Through consensus classifier-based estimation of the expected accuracy of modified structural models (at the 59th position), we found the three most pathogenic substitutions (i.e., PRO, THR, and ASP) with the highest pathogenic scores. We built wild-type and these three residue-specific substitution models and investigated them in terms of in silico molecular drug-binding affinities as well as inhibition (Ki) constants with the therapeutic compounds of AN. The main strength of this work is the computation of the lowest Ki constant in structurally modified models (K59P, D, and W) as compared to the wild type, which showed that any future variation in the NNAT gene’s PTM-acetylation site in terms of the above-mentioned residues has the highest binding tendency with AN drugs. Thus, it may represent the tight binding of drug–protein interaction, thereby serving as the structural and functional basis for the propensity of AN associated with the NNAT gene. Therefore, these structural modifications at the PTM-acetylation site of the NNAT gene will be considered as a potential target to predict the impact of structural modifications on drug interaction in therapeutic intervening targets for the management of AN.

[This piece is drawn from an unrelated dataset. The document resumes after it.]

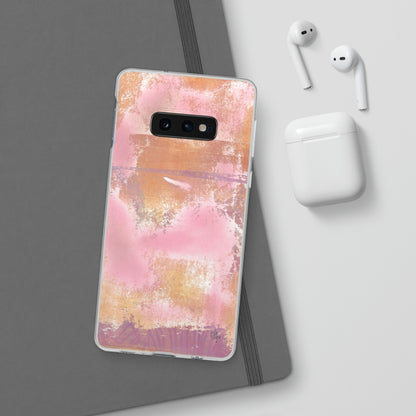 iPhone and Samsung Galaxy Flexi Phone Case Passionate Pink - Alja Design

The main limitation of this work was the absence of 3D NMR/crystal structures with previously reported literature showing significant details on protein dynamics and flexibility. So far, no previous information representing the accurate molecular 3D confirmation of the NNAT gene with a prominent role of the PTM-acetylation site at the 59th position has been reported. Hence, the lack of previous data could be seen to be a gap in the study validation factor and a barrier to accurately predicting the pathophysiology of AN related to structural variants' role at the PTM-acetylation site.

What is already known on the subject?

The protein encoded by the NNAT gene is a proteolipid that may be related to regulating ion channels throughout brain development. The role of the NNAT gene in energy metabolism has already been well established. In 2019, 2021, and 2022, Lombardi et al., Ceccarrini et al., and Azmi et al., respectively, reported the role of the NNAT gene in the pathophysiology of AN. Azmi et al., in 2022, reported the prominent drug–protein (NNAT) interactions with a mutant NNAT model (C30Y), with the most common interactions observed at the PTM-acetylation site.

What does this study add?

In this study, the role of structural modifications on the PTM-acetylation site (59th position) of the NNAT gene was investigated. With the aid of other 19 residue-specific structural possibilities at the PTM-acetylation site, the effect of residue substitution on protein dynamics and the decrease in molecular flexibility with structural destabilization were reported. Interestingly, three residue modifications, i.e., K59D, K59P, and K59W, were found to be the most deleterious substitutions at the acetylation site of the NNAT gene. The 3D models of these structural modifications can markedly reduce the ΔGbind (kcal/mol) and inhibition constants (Ki) compared to the wild type.